When the weather was nice, on Sundays, my father often took his morning promenade among the bookstalls on the banks of the Seine, where he rarely missed the opportunity to bring me some book that he judged to be at the right level for my understanding. Jules Verne, Fennimore Cooper, Dickens, Alexandre Dumas, Jack London, Paul d’Ivoi are among the authors that colored my childhood. At times – and what a treat! – he took me along with him, but then I never knew which book to have him buy for me; how to decide among all those treasures?

Something that I didn’t understand for a long time was that my father was the embodiment of a synthesis of social revolutionary, Georgian patriot and learned European with lofty ideals, supremely conscious of the intrinsic value of the human being, whatever the degradation in which the person might have fallen. “No one falls down so low that there isn’t still in him something worthy of being saved,” he said, rejoining the notion of Christ the Redeemer.

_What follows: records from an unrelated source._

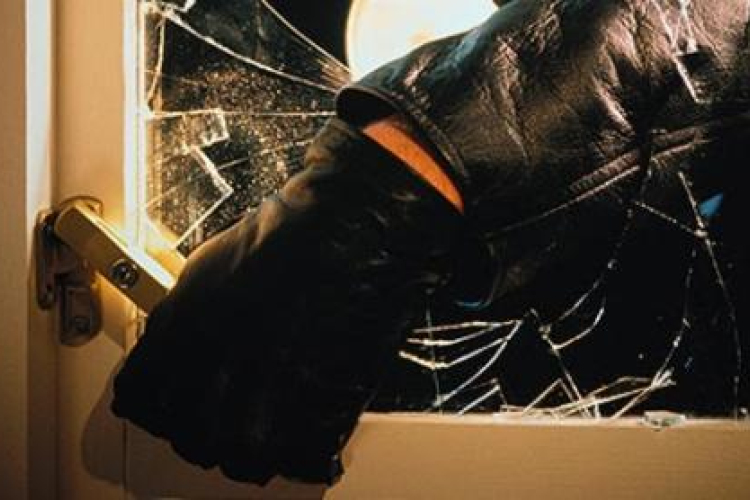 Éjjel törtek haragosukra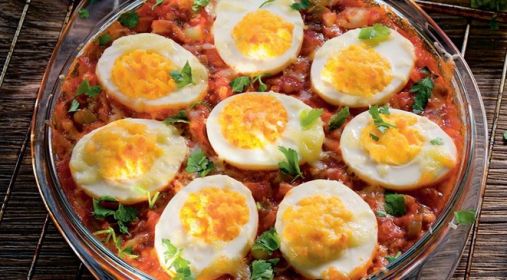 Яйца по-кубински под соусом Яйца по-кубински под соусом - рецепт с фото
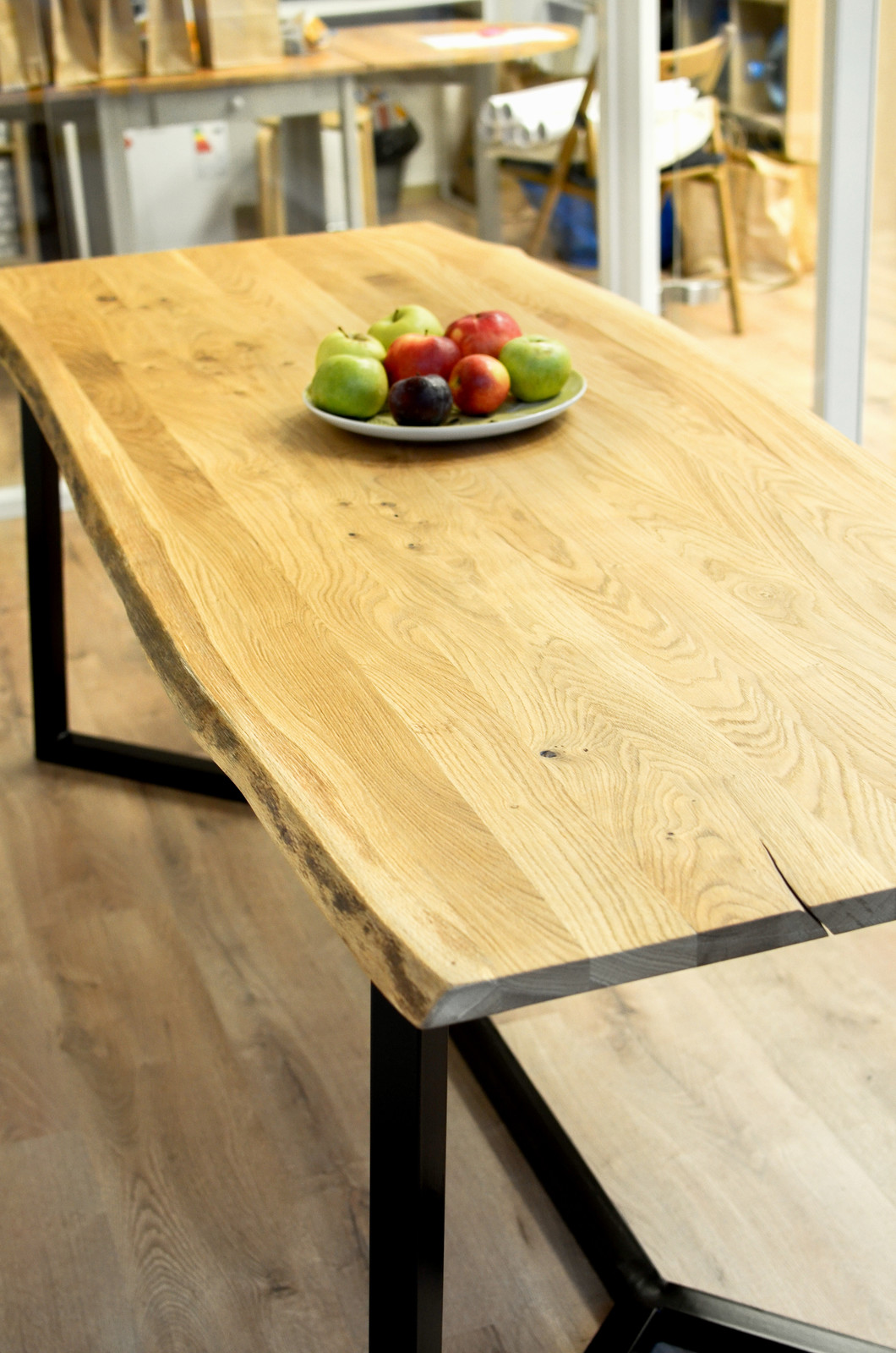 Стол в переговорку из дуба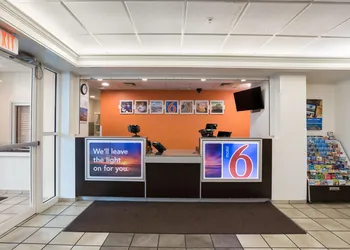 Motel 6 Orlando, FL - International Dr hotel thumbnail 5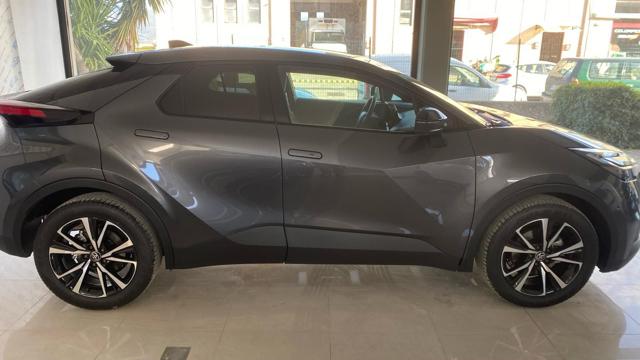 Toyota C-HR 1.8 HV Trend - foto 2 di 4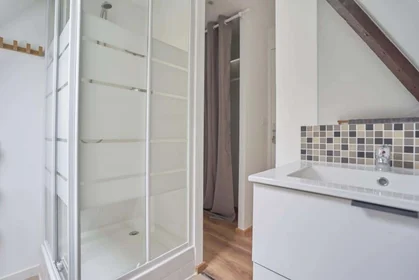 Quarto privado em 10 Rue de Clairmarais, 51100 Reims, France, imagem 3 de 11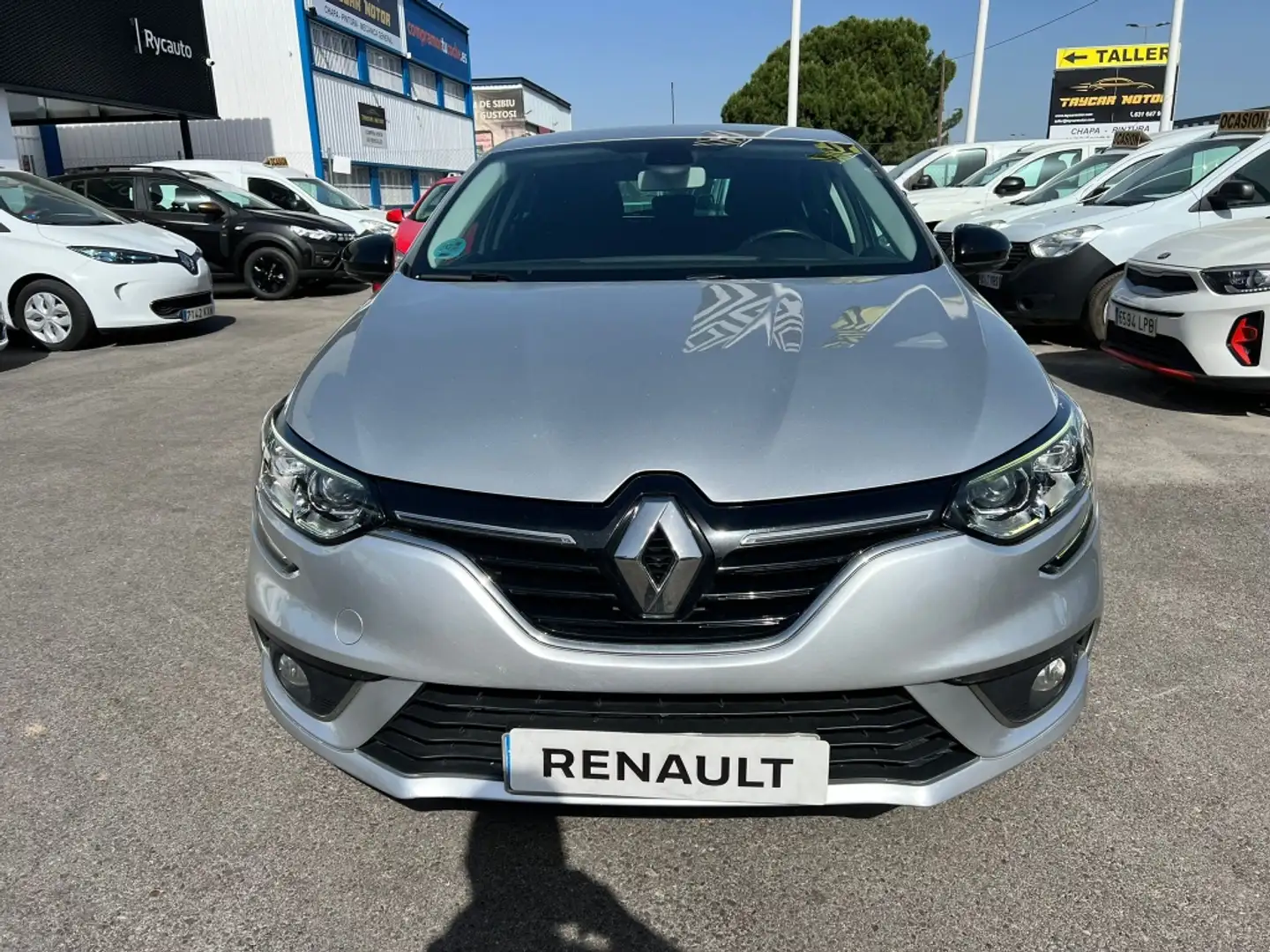 Renault Megane 1.5dCi Blue Limited + 70kW Gris - 2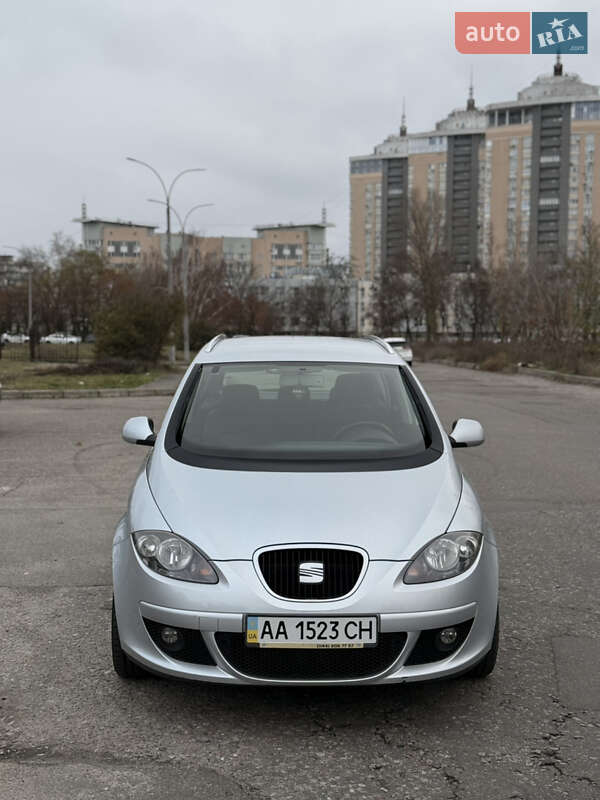 Мінівен SEAT Altea XL 2008 в Києві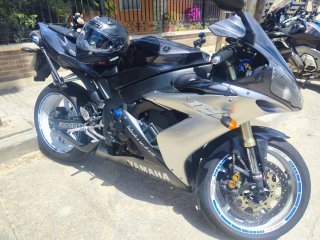 Yamaha R1 Sportbike edicion limitada Negra y Plat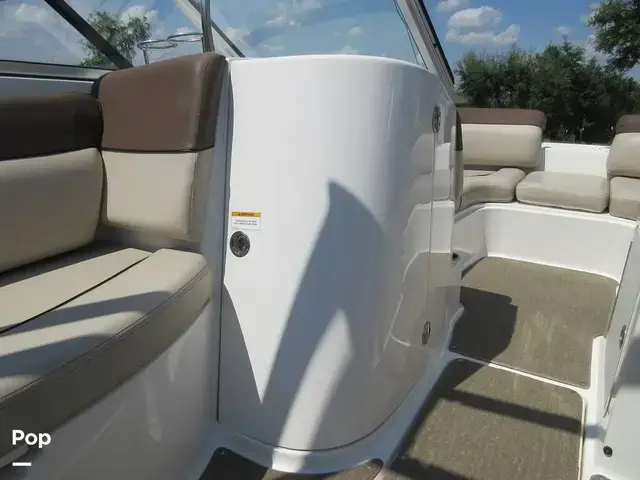 Bayliner 215 Deck Boat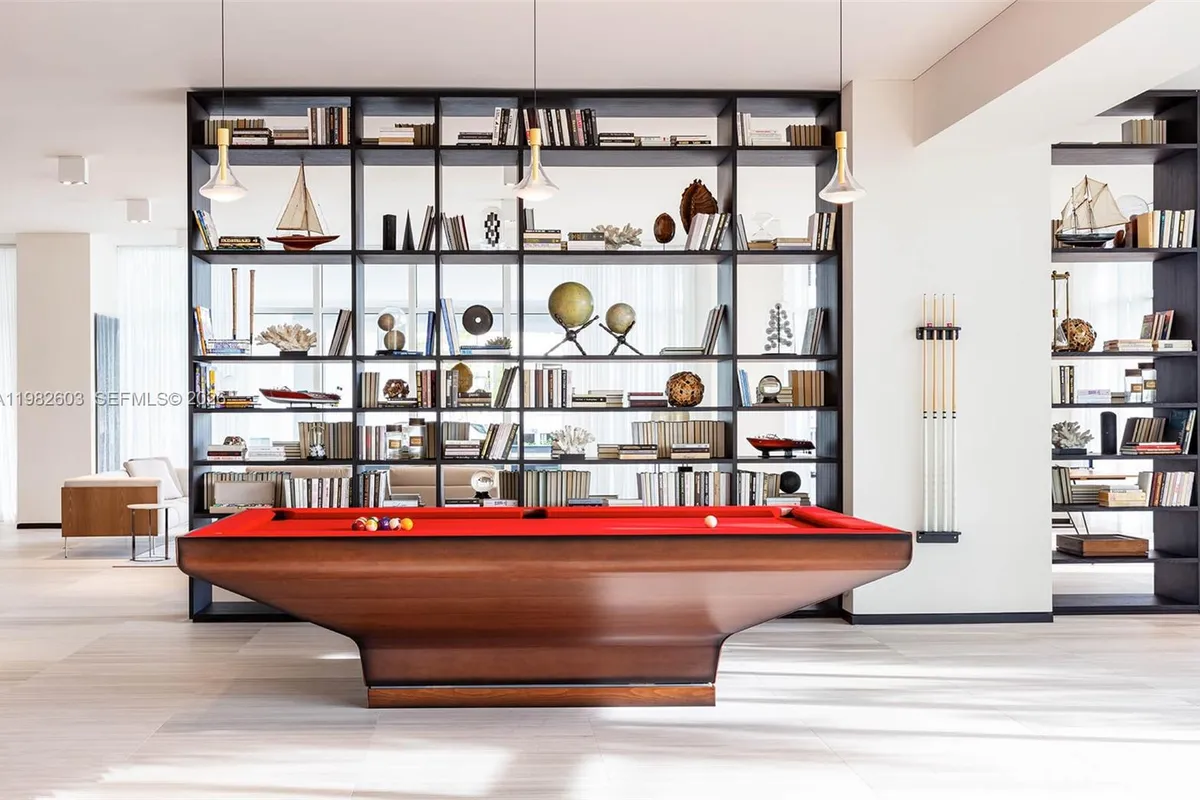 1011 W 48th St # 8, Miami Beach FL 33140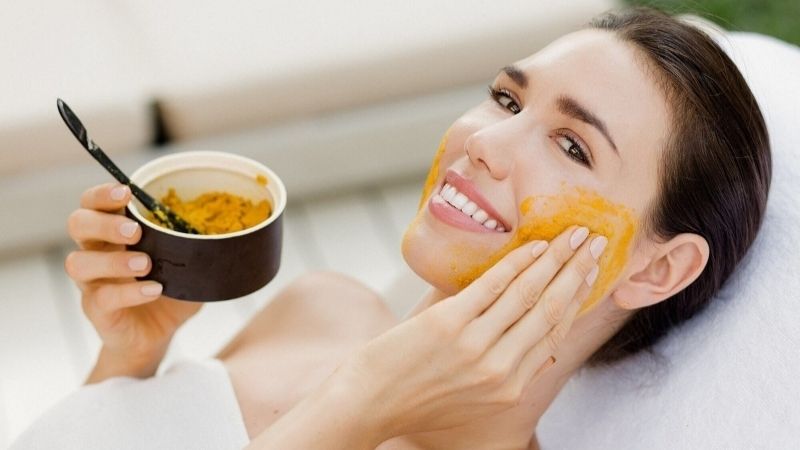 Công dụng của mặt nạ bằng tinh bột nghệ sẽ giúp các vết mụn mau lành hơn, giảm triệu chứng lão hóa da và lượng dầu trên da mặt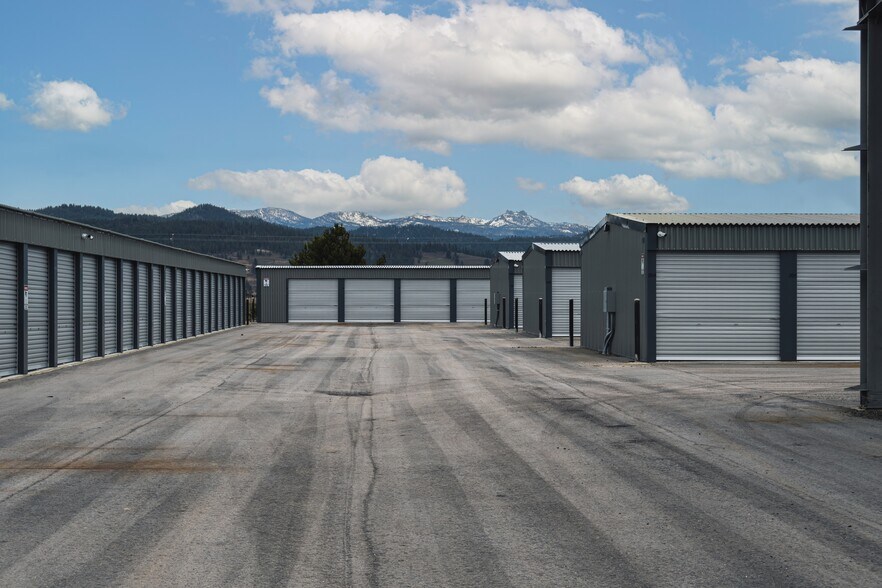 More Photos Of 11 Coho Ln, Mccall Warehouse For Sale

He had always been agnostic, it seemed to me, and he hardly believed in any organized church, but he recognized in religion a very important function in the life of a society. And even though he didn’t go to mass, he made it his duty to attend all the great religious feasts, such as that of Saint Nino, who brought Christianity to Georgia during the Third Century, and all the funerals, marriages and baptisms of all his compatriots.


Religion and Me

As for me and religion, my parents left me completely free, so free that they never spoke to me about it. In fact, I don’t remember ever hearing anyone speak about these questions, and this is in spite of the fact that the father of my mother had been a village priest. Naturally, I never heard any talk of religion at school, which in France is resolutely secular, and never among my playmates. Yet, I don’t know how or why, but at the age of 13 I decided to become baptized! This was solemnly done at a small orthodox Russian church in Vanves, the Georgian colony not having at that time a place of worship of its own.